I’m starting to get depressed. 

#4: As soon as Haymitch told Johanna that Finnick hadn’t made it, she bolted to the hospital in 13. Johanna knew where the patients on morphling were. She had their room numbers, schedules, and names memorized. She ran into the room of an eighteen year old boy still recovering from the bombing of his district. Johanna knew she had to be quick, for Haymitch would come after her soon. She sat on the edge of the bed and lay her hand on the boy’s. “I’m just gonna borrow this for a minute.” she said to him. Johanna took the morphling tube from the boy and injected it into her arm. She leaned her head back in pleasure then looked at the boy and stroked his ash-stained cheek. “Thank you,” she whispered. “Johanna!” she heard. Haymitch ran into the room and marched over to Johanna, his boots making scuffling sounds on the floor. “That’s it, Jojo. No more morphling for you.” “No, Haymitch!” She swat at his hands as he tried to take the morphling from her. She screamed and kicked, falling onto the floor. Haymitch stood over her, a massive giant with a concerned look on his face. Johanna felt dizzy and hoped that the hallucinations would kick in and take her to her dream world. Haymitch yanked the morphling cord and the tube jumped from Johanna’s arm. She yelped in pain and a hand flew to where the needle was. Haymitch carefully injected the morphling back into the boy and Johanna stared, scuttling backwards.

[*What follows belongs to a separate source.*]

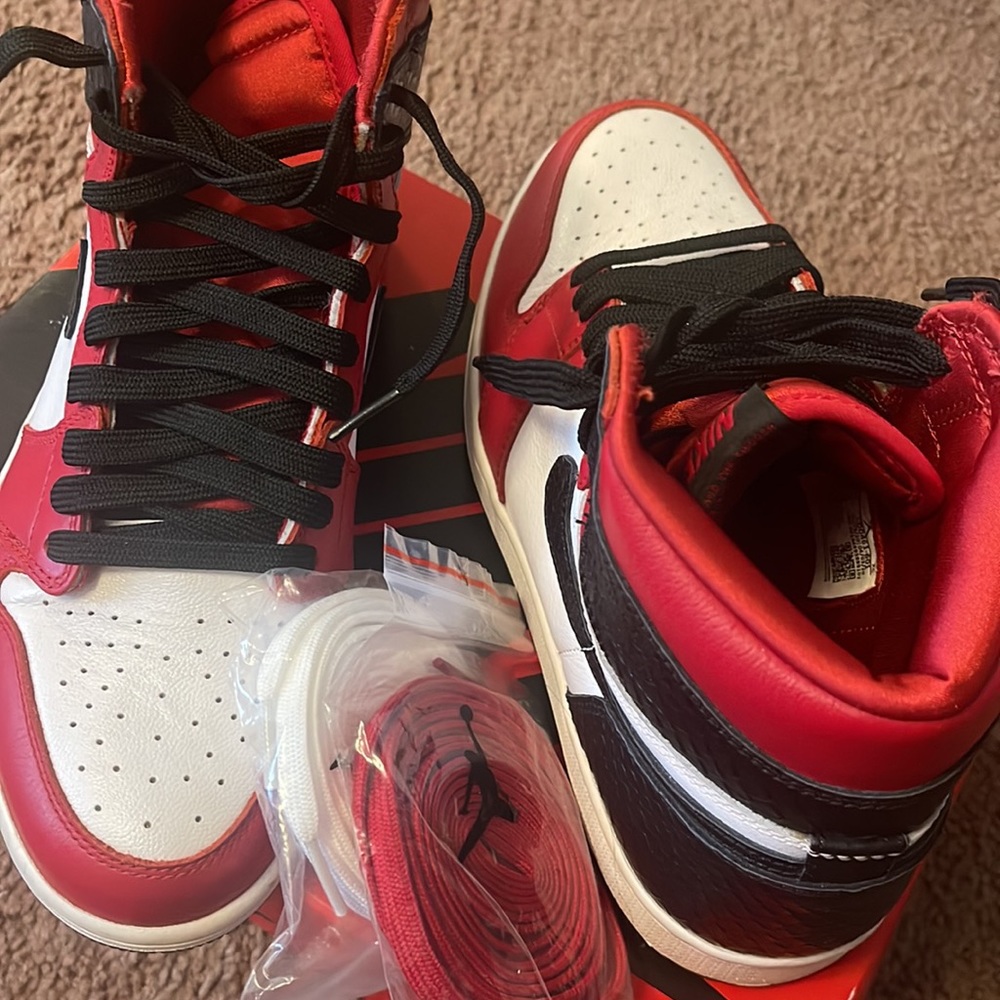 Jordan 1 - Picture 2 of 5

Her back hit the wall and she folded in on herself, her body racking with sobs. Her best friend was dead. They had made promises. Johanna was going to live with Finnick and Annie back in Four. He said he wanted her to so he could teach her how to love the water again. He wanted to teach her how to swim. When Haymitch was done with the boy, he knelt beside Johanna. “Why do you do this to yourself, Jojo?” Johanna looked up at Haymitch. “Because it helps me,” she answered. “When I get hallucinations I’m in a world where my family is there and Finnick and we’re all right. It takes me back to the way it used to be. When it was just Finnick and me in the Capitol. The morphling gives him back to me. It gives me my best friend back. The one I made fun of and the one the made fun of me. I laughed with Finnick and cried with him. I’ve told him more about myself than I ever told my mother when she was alive! I’ve always needed Finnick. I still do.”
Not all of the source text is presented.